Where a few is like 6 or 7. See
http://www.ucolick.org/~sla/leapsecs/dutc.html for the timelines on
that. In 5000BC mankind was a collection of hunter gathers that was
just learning how to farm. The Pyramids of Giza, for example, were
built around 2500BC. The earliest known hieroglyphics appear around
3200BC in pre-dynastic Egypt. It has been pointed out that we've also
accelerated the rate of technology, so the next 7k years are going to
see way more development than the last 7k. I don't think anybody can
make any meaningful predictions out 7k years. After all, Wikipedia
has only been around 7, so worrying about what it will be like in 7k
years seems a bit premature or presumptuous.


: Also in a few millennia, when the need to alter the Gregorian

: calendar to correct for alignment with the seasons comes up, that

: will open the question of whether such calendar alterations apply to

: UTC, to local time systems, or both. The keepers of UTC as a strict

: atomic time standard will undoubtedly oppose any alteration to its

: calendar rules, but if the local time zones are still officially

: based on it (even if shifted by an offset of multiple days by then)

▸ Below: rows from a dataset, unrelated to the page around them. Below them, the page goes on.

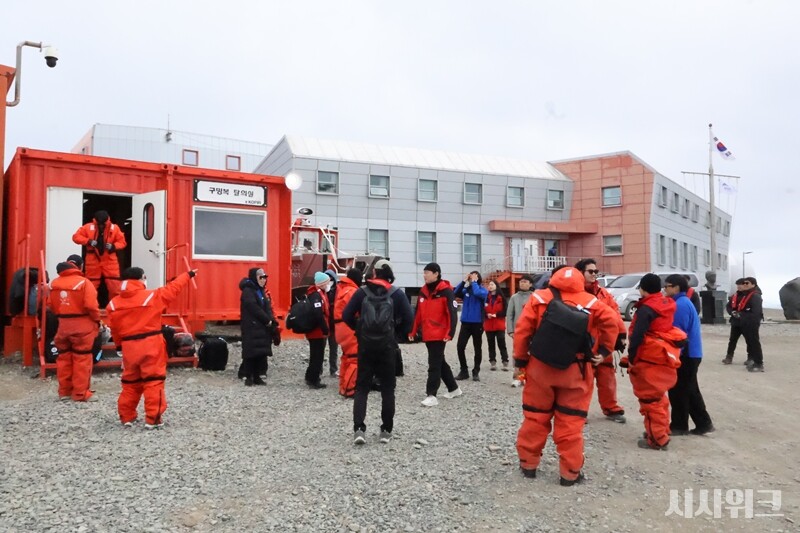 마지막으로 남극을 즐기는 37차 월동대원들./ 사진=남극특별취재팀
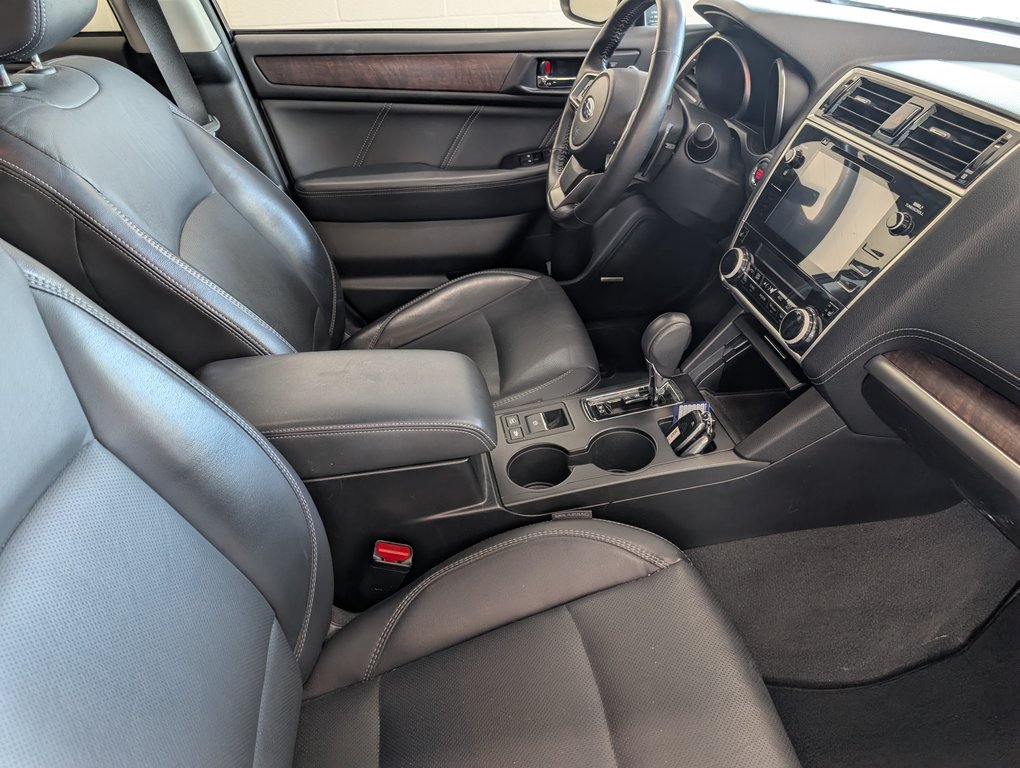 2018 Subaru Outback Limited AWD, in Magog, Quebec - 8 - w1024h768px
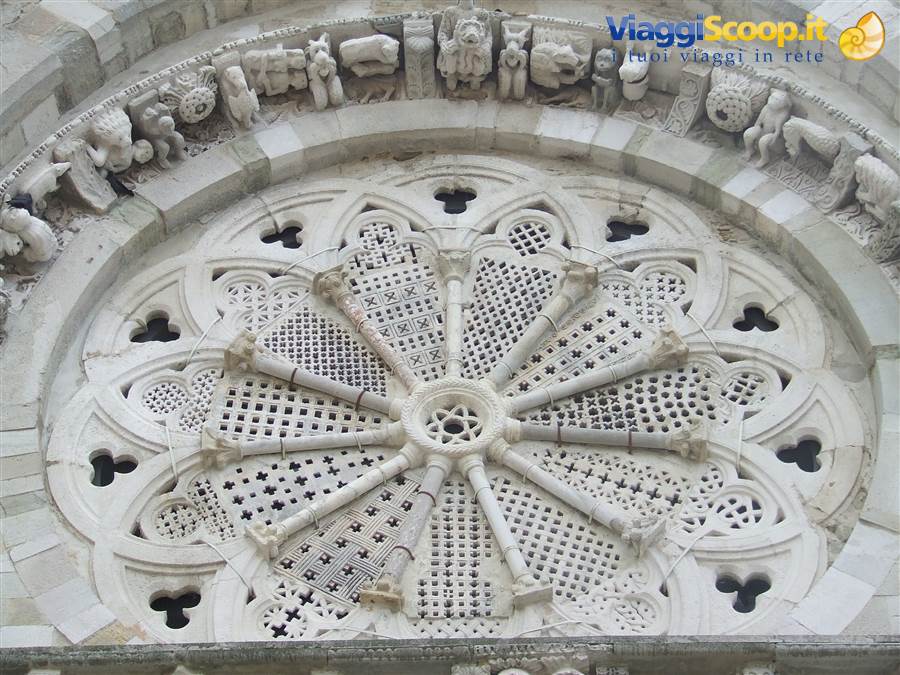 TROIA - Rosone della Cattedrale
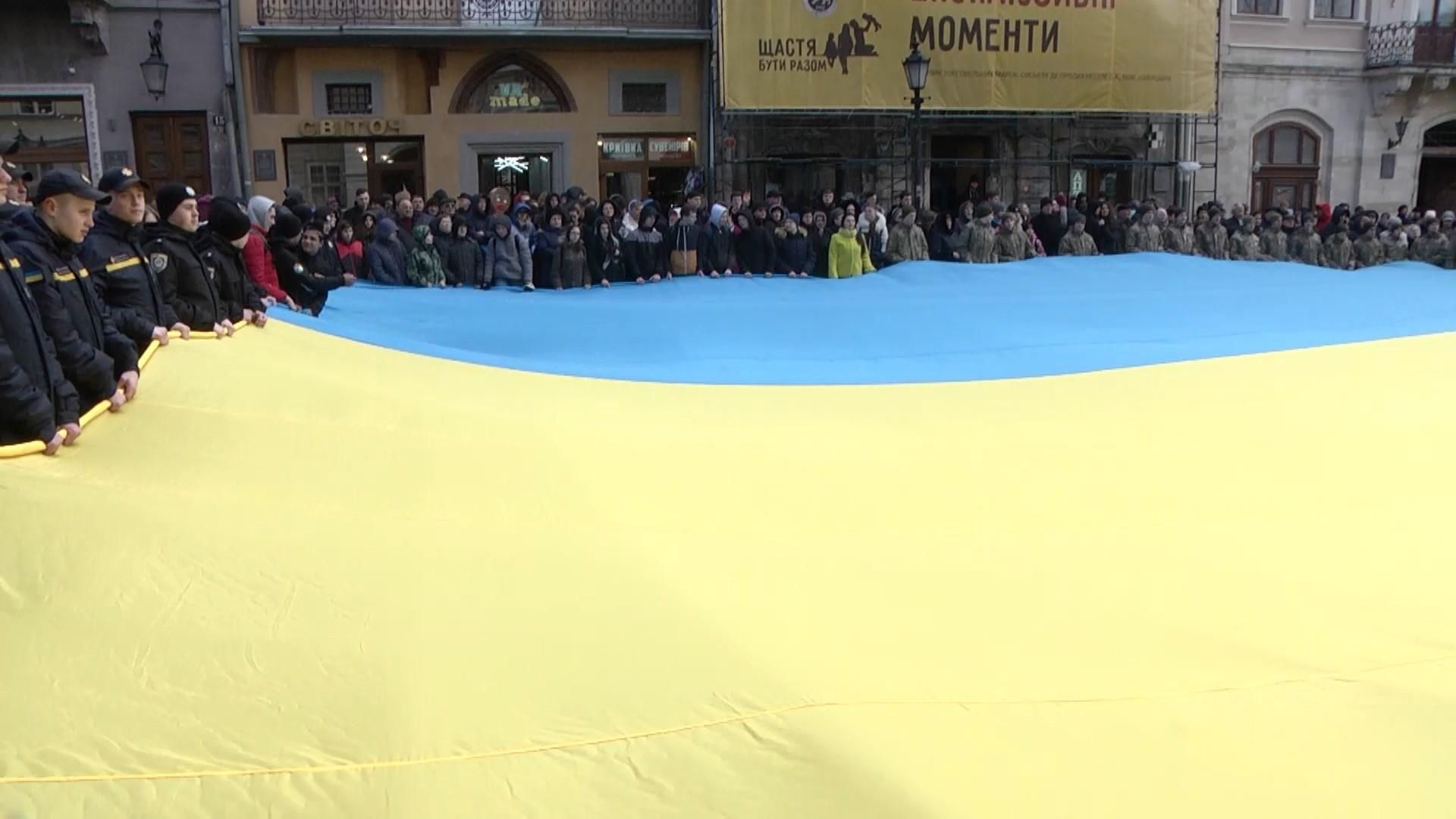 Во Львове сотни людей одновременно спели гимн Украины: увлекательное видео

: then it wouldn't make sense to change the calendar rules for them but

: not UTC, so another big fight on whatever the equivalent of Internet

: mailing lists is in that era will be anticipated.


The error rate for the Gregorian calendar is like 1 day in 4k years,
so it will take a very long time for enough error to accumulate that
people will want to do something. There have been proposals to make
years ending in 4000 not be leap years to correct, but nothing
official has happened on this yet. The Gregorian calendar has a
tolerance of about +/- just over a day, so equinox varies between
20-dec at 20:47UT and 23-dec at 0:18 UT.